Erdoğan calls Bernie
Imagine a year from today when there is a new president in the White House. That person’s name could be Hillary, Bernie or even Donald. But for the sake of argument and coherence in this scenario, we will imagine Bernie Sanders is in the White House. Now, let’s imagine a hypothetical telephone call
between the White House and President Recep Tayyip Erdoğan.
- Good morning, Mr. President.
- Good morning, Mr. Erdoğan.
- We have a PYD (Democratic Union Party) problem; I mentioned this before you took office. U.S. President Barack Obama ignored it.
- They are almost like the KDP (Kurdistan Democratic Party) in northern Iraq, self-sufficient and secular with no intention of independence. Why are you unhappy?
- Because they are linked to the PKK (the outlawed Kurdistan Workers’ Party).
- But your government has also talked to the PKK leader. You were on the verge of a peace deal. We support your brave decision. We would encourage the Kurdish parties to stand with you in the talks.
- But we need more armed drones to kill the rest of the PKK first. There should be no military arm of this organization. Your congress is not approving the sales.
- Neither am I.
Again, this is an imaginary scenario, but one should not be surprised if one year from today we are still battling PKK terror, juggling to find a way to solve the refugee crisis and struggling inside an economic crisis.
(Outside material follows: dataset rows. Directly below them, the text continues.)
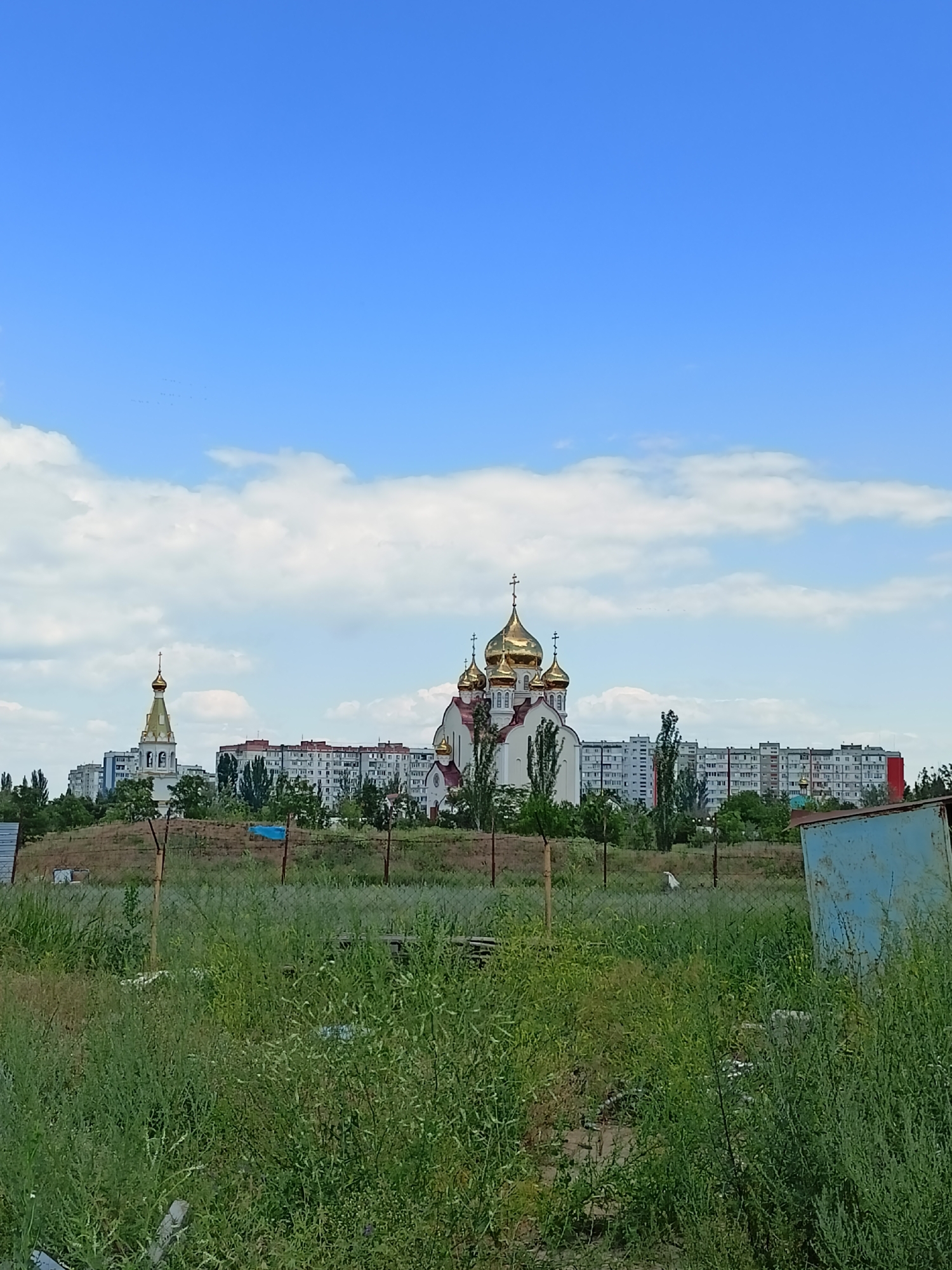 This vertical, eye-level shot captures a sunny day in Volgodonsk, Russia. The sky is a vibrant blue, dotted with fluffy white clouds. In the mid-ground, a cluster of apartment buildings forms a horizontal line, with a prominent church featuring golden domes to the left. A smaller bell tower with a golden dome stands further left, also framed by the apartment buildings. Trees are scattered throughout the scene, some taller and darker, others lighter and more spread out, creating a natural break between the buildings and the foreground.
The foreground is dominated by an overgrown area of tall green grass and some sparse brown foliage. A rusty metal fence runs horizontally across the mid-foreground. To the far right, a blue metal structure, possibly a shed or container, is partially visible. The overall impression is one of a semi-urban or semi-rural setting on a clear, warm day. The absence of people and any specific activity suggests a still, quiet moment. The bright sunshine and clear sky indicate it's likely daytime, perhaps late morning or afternoon.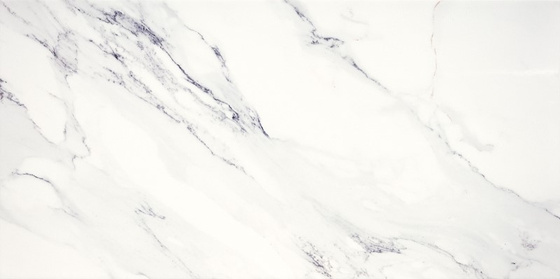 Ferro White 29,8x59,8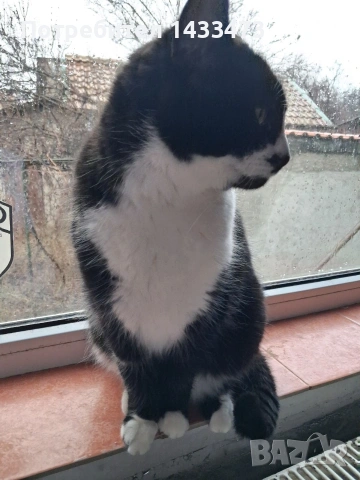 Хубавата Адолфина търси дом , снимка 10 - Други - 53648498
Because despite all the good-willed efforts, the wheels in Ankara seem to not be turning.
On a standard day, Prime Minister Ahmet Davutoğlu makes at least three TV appearances. President Erdoğan, not to be left out of the TV circuit, makes at least two speeches. One cannot help but wonder when they actually read reports, sign decrees or get briefings. PM Davutoğlu gets a briefing once a week from the National Intelligence Organization (MİT) undersecretary and the country’s military chief, and they only last about one hour. When do they really make decisions anyway?
So in the end, they end up reading a columnist who writes that U.S. presidential candidate Sanders is a “marginal Jewish leftist” or Energy Minister Berat Albayrak, who likens Republican People’s Party (CHP) leader Kemal Kılıçdaroğlu to real estate empire mogul Donald Trump.
Sadly this mediocracy and ignorance will not bring us to a better place. While Ankara is locked up in its obsession with Russia and Syrian President Bashar al-Assad, the rest of the world is getting ready to do business with Iran, witness a historic election in the U.S. and maybe much more. “They are trying to lock us inwards,” said President Erdoğan on Feb. 10. Who are “they?”
President Erdoğan would probably have a lot in common with Sanders on issues like immigration, health care and taxing Wall Street. Sanders would most likely support a foreign policy to balance Palestinians against Israel in the Middle East. He would be less interested in military intervention and maybe more inclined to let NATO allies take initiative. But he would be more aggressive in pushing freedom of the press and expression in Turkey. He would be more willing to talk to Turkey’s opposition groups. Hey, he may even make reference to the Gezi Park protests.
Time is running out. Ankara should start getting to know the candidates as soon as possible.